▶ [EXERCISE]:
Retype the entries exactly; omit all pictures.
"""
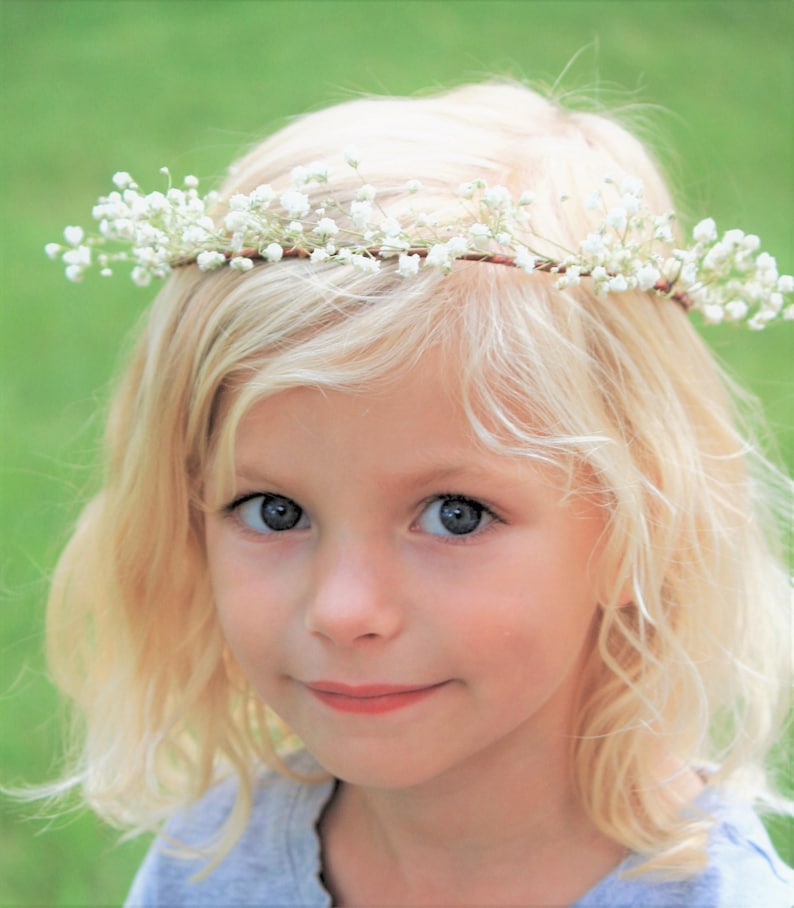 May include: A young person with blonde hair and blue eyes wearing a delicate floral crown made of small white flowers. The crown is set against the person's blonde hair, with a soft green background.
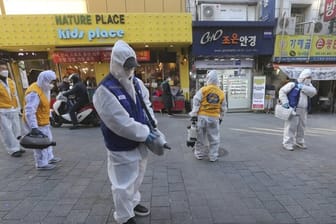 Arbeiter in Schutzkleidung versprühen auf einem Markt in Seoul Desinfektionsmittel.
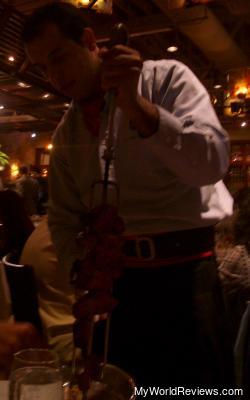 A piece of meat being cut and served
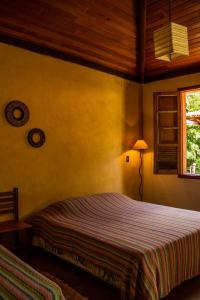 1 dormitorio con cama y ventana en Pousada Opicodocipo, en Santana do Riacho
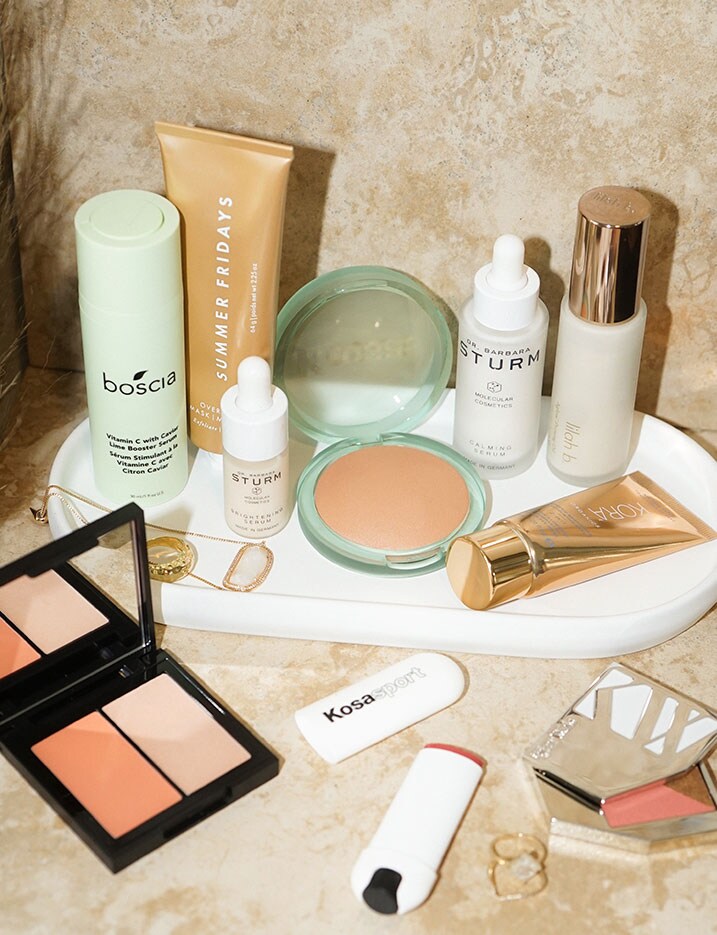An array of clean beauty products laid out on a countertop. Shop Clean Beauty.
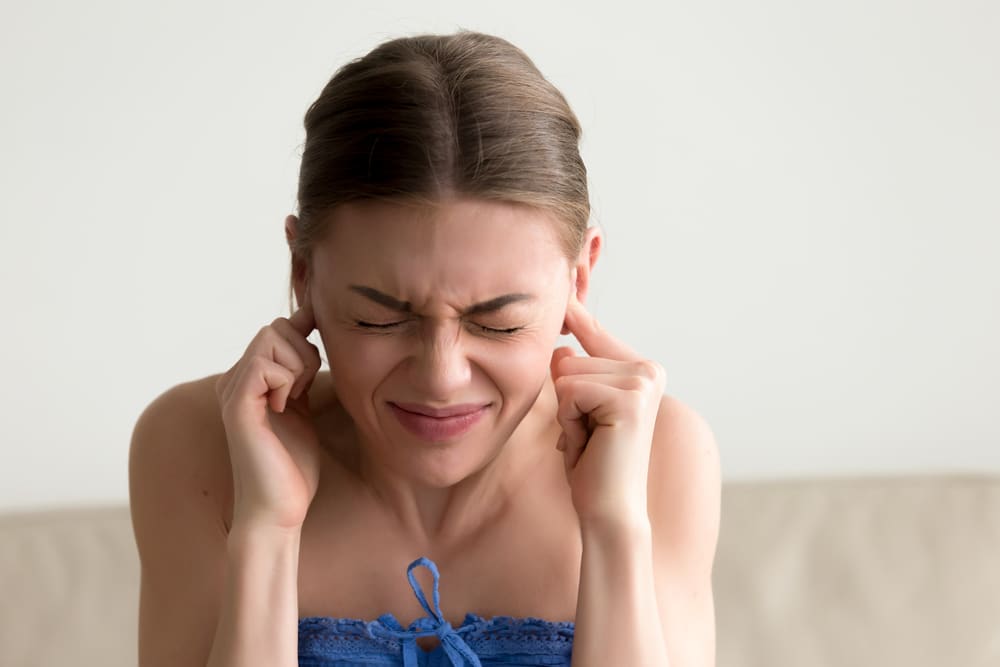 Young annoyed woman sticking fingers in ears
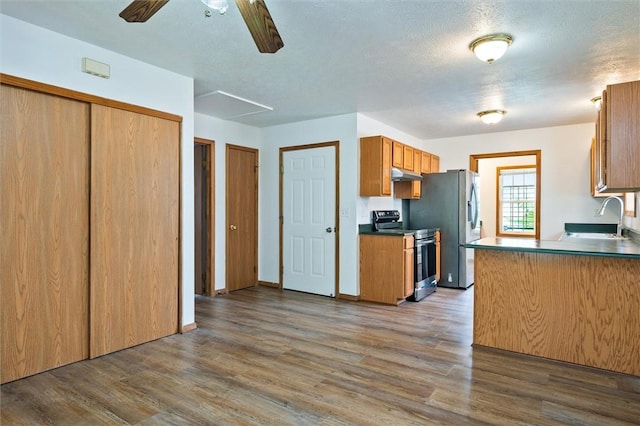 282 Troup St, Rochester, NY 14608 - kitchen with appliances with stainless steel finishes, under cabinet range hood, wood finished floors, ceiling fan, and brown cabinets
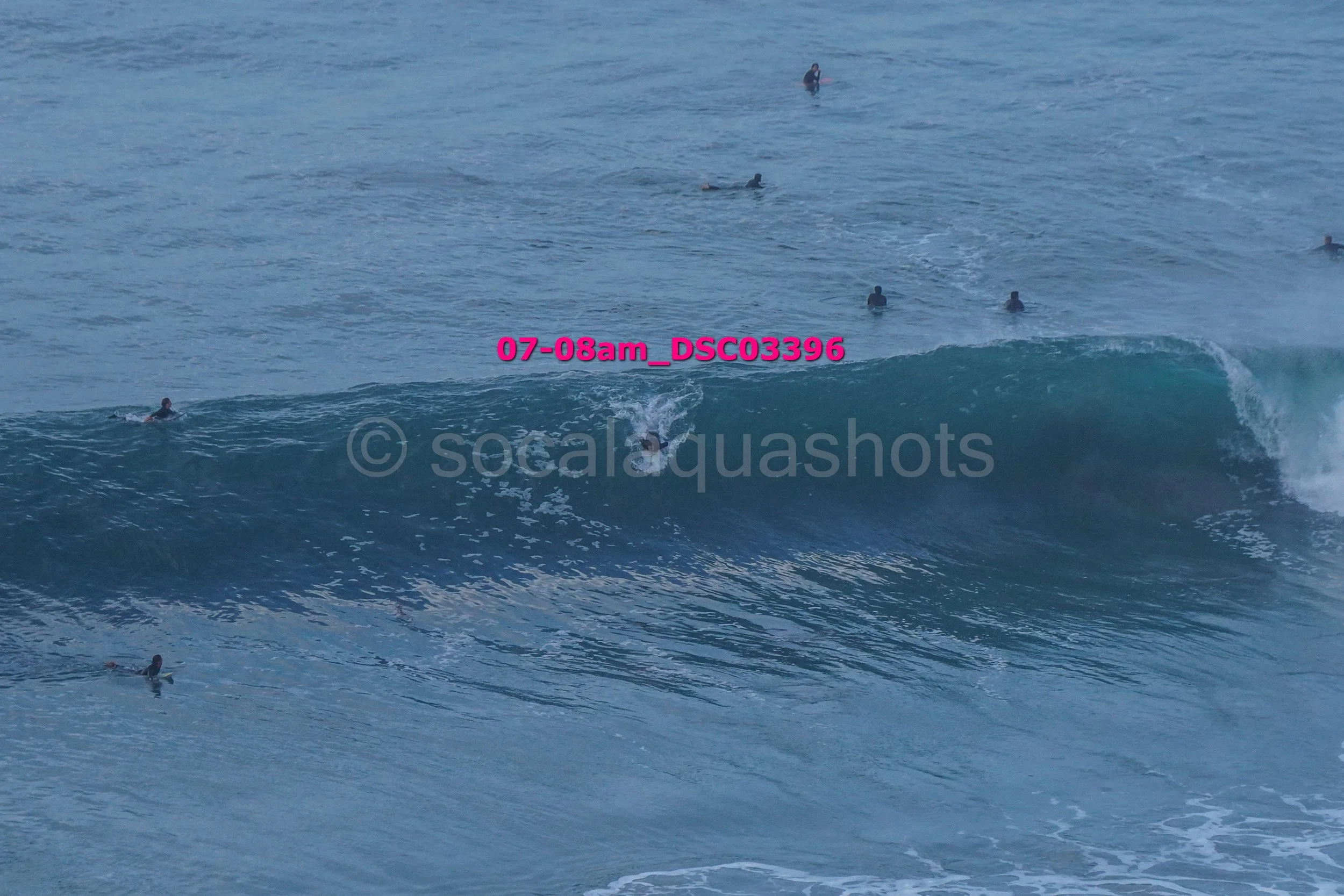 A group of surfers in the ocean, some sitting and some paddling on their boards, with one surfer riding a wave.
"""
▶ [RESULT OF THE TASK]:
 May include: A young person with blonde hair and blue eyes wearing a delicate floral crown made of small white flowers. The crown is set against the person's blonde hair, with a soft green background.
 Arbeiter in Schutzkleidung versprühen auf einem Markt in Seoul Desinfektionsmittel.
 A piece of meat being cut and served
 1 dormitorio con cama y ventana en Pousada Opicodocipo, en Santana do Riacho
An array of clean beauty products laid out on a countertop. Shop Clean Beauty.
 Young annoyed woman sticking fingers in ears
 282 Troup St, Rochester, NY 14608 - kitchen with appliances with stainless steel finishes, under cabinet range hood, wood finished floors, ceiling fan, and brown cabinets
 A group of surfers in the ocean, some sitting and some paddling on their boards, with one surfer riding a wave.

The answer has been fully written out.